FRENCH ONION SOUP

¼ cup of unsalted butter
6 onions thinly sliced
1 clove minced garlic
5 beef bouillon cubes
1 tbsp. flour
6 cups beef broth
½ slices of French bread or thick style croutons
1 lb coarsely grated provolone

This is a very good recipe if you looking for the good ol fashion French Onion Soup. I have actually added morethen 5 bouillon cubes before so feel free to add or take away. It all depends on how deep you want that beef flavor. Enjoy!

Melt the butter in a large pot over medium heat; stir in the onions and continue to cook on medium heat, stirring frequently until caramelized, about 45 minutes. Do not over cook or blacken onions. If medium heat is too much throttle it back a bit.

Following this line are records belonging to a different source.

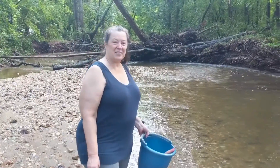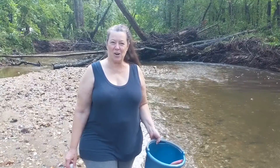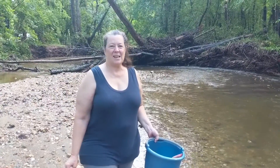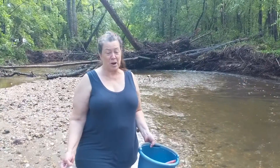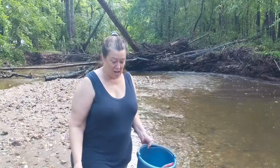Hi guys! We're at a small branch of the Christina River down here in Newark, about maybe a mile from campus, and we're going to be collecting some sediment and fresh water for our first laboratory project, our Winogradsky column.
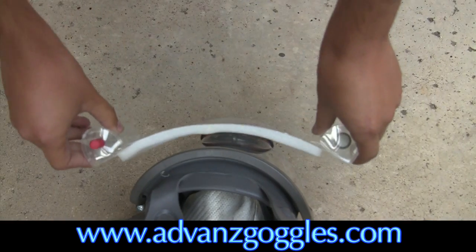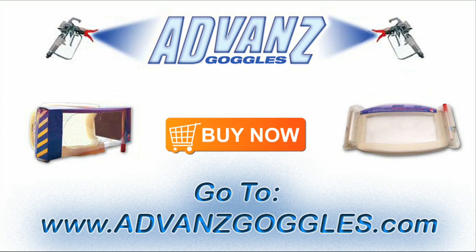Also available: the Advanced Lens Cover for use with full face respirators. Buy direct and save. Go to AdvancedGoggles.com.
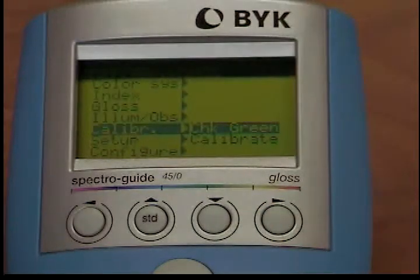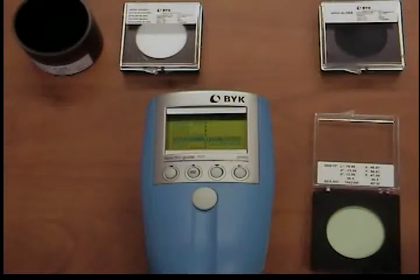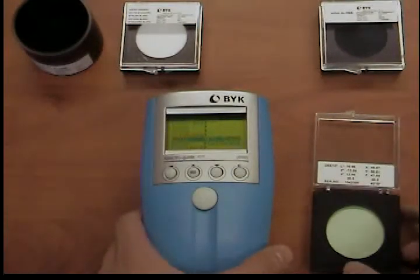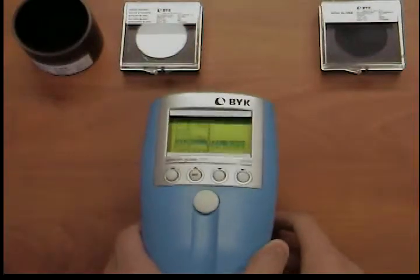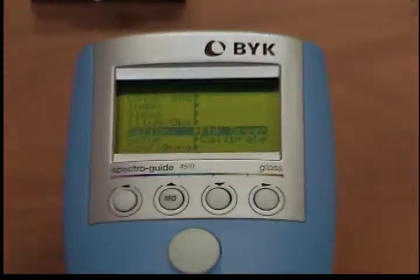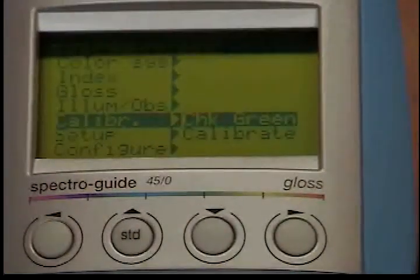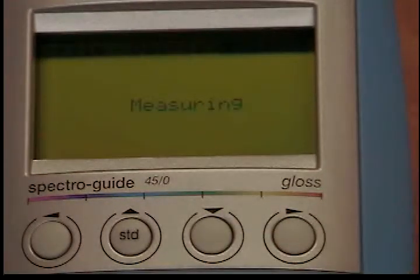Take the green test standard and flip the open lid. Position the measuring instrument so the display points in the direction of the open lid and the front edge of the instrument is parallel to the edge of the lid. Press the operate button. You will then be instructed to measure the green test standard. A message will then appear indicating whether calibration is still valid.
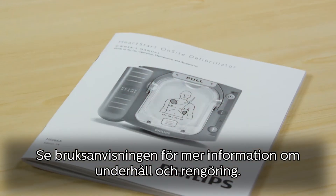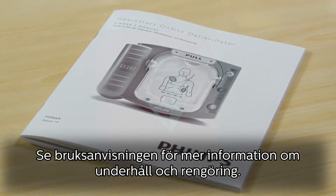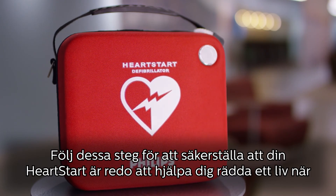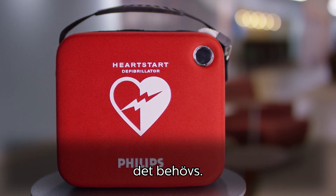For more information about maintenance and cleaning, check your Owner's Manual. Follow these few steps and you will ensure your HeartStart is ready to help save a life when you need it.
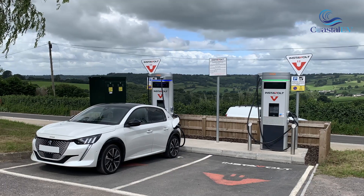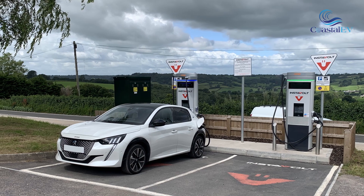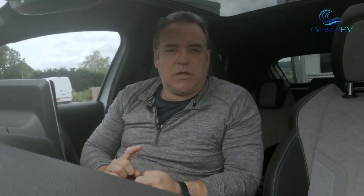So I found out that there is actually a 125 kilowatt charger just on the A303. So I thought I'd pop down and charge and see what the actual charging rates are.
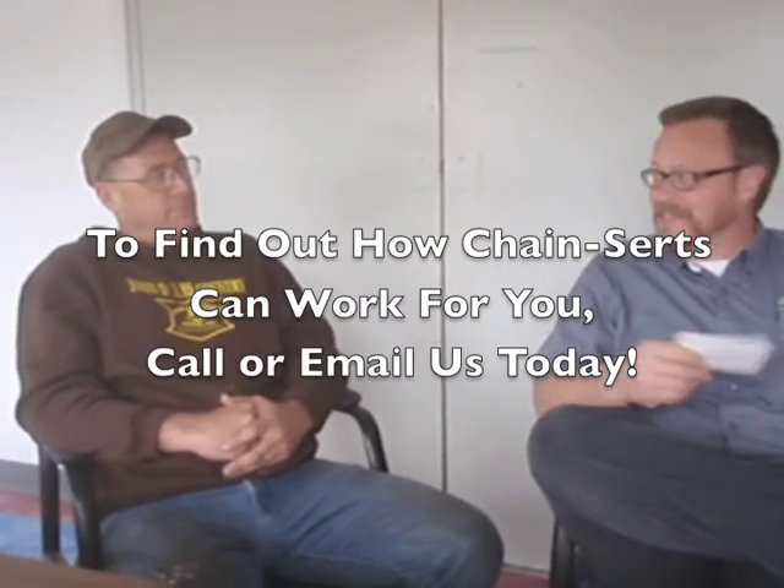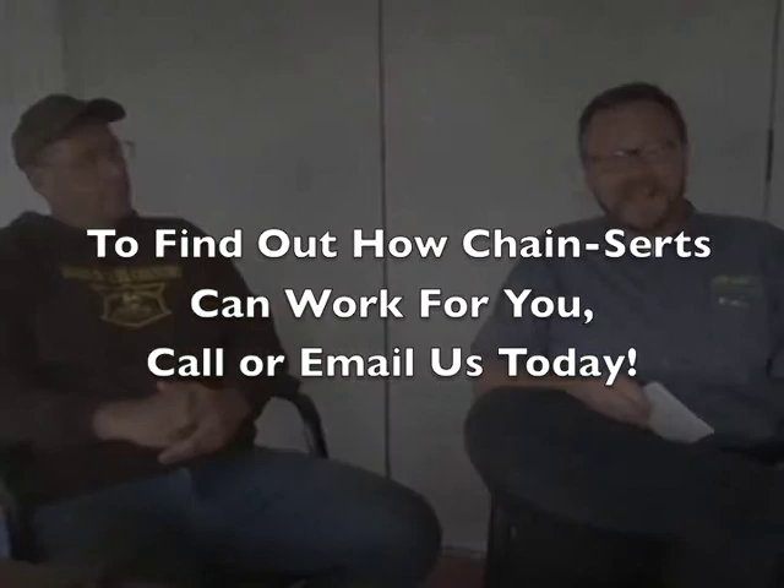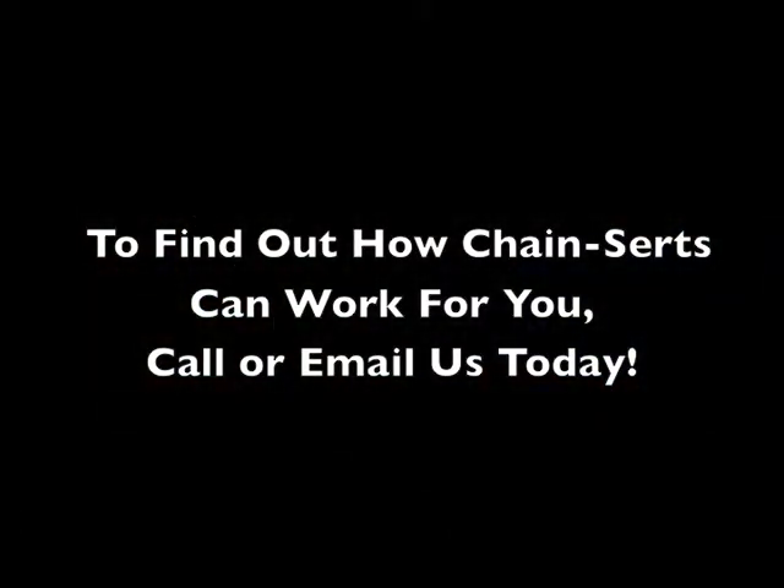Well Dan, thanks for the interview. We hope you have many, many more months of cutting ahead of you with these new cutters. That's it for the Chainzler Channel.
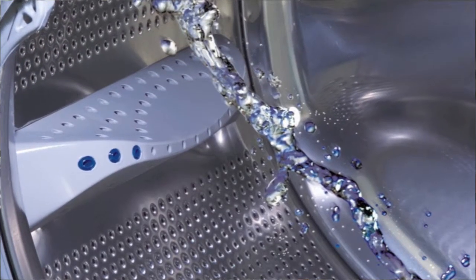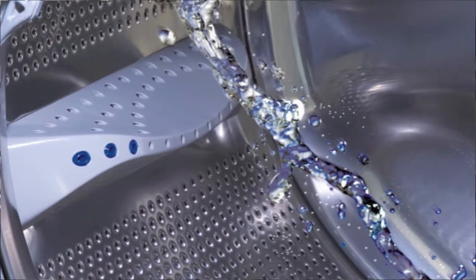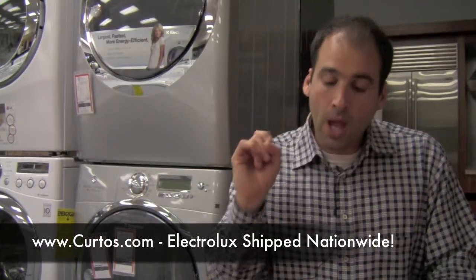Here are a few features that the 50 has and shares with the rest of the line. It has a stainless steel drum in the washer — not in the dryer; we'll get into that in a second. The RPMs, which are very important when it comes to front-load laundry, are 1200. That's the same as the 55 — 100 RPMs lower than the 60 series and 200 lower than the 70 series. But 1200 is still pretty fast, so by going with the 50 you're not really losing a ton, especially going from the 55 to the 50.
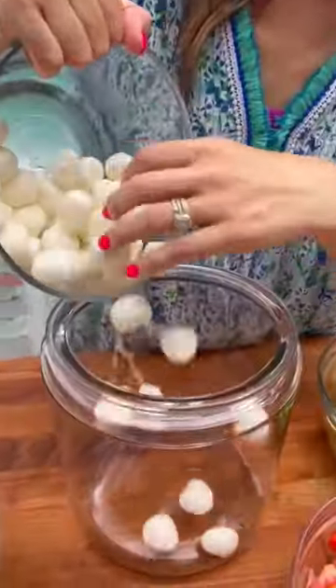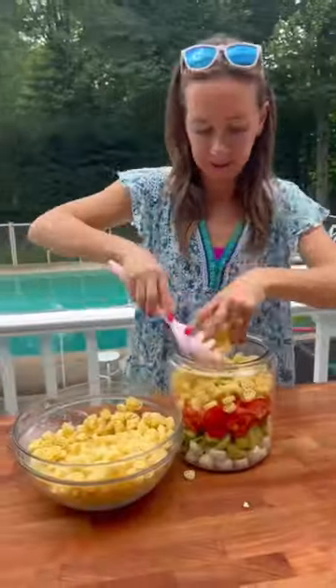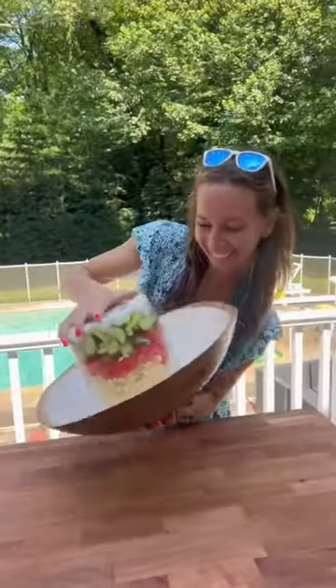Four ingredient summer salad my grandma's been making me since I was a little girl. Hi, I'm Shannon, and this will be your new family favorite. All you need is mozzarella cheese, sliced cucumbers, sliced tomatoes, and wagon wheel pasta.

Add the garlic and stir for about one minute or until garlic begins to burst with that stir-fried garlic smell. Turn the pot to a low temp and sprinkle the onions with flour and continue cooking/stirring for about 3 minutes. Slowly add the broth while continuously stirring. After all the broth is added bring the soup to a boil, then lower the heat and add the bouillon cubes. Simmer for about 30 minutes. Remember to keep the lid of the pot slightly open. Season the soup with salt and pepper to taste.

Arrange your oven with the rack the second one from the top. Place your French onion soup bowls on a cookie sheet and add desired amount of soup into them. Place a couple slices of bread or a handful of croutons into the soup and add a mound of cheese. Broil the soup until the cheese starts to bubble.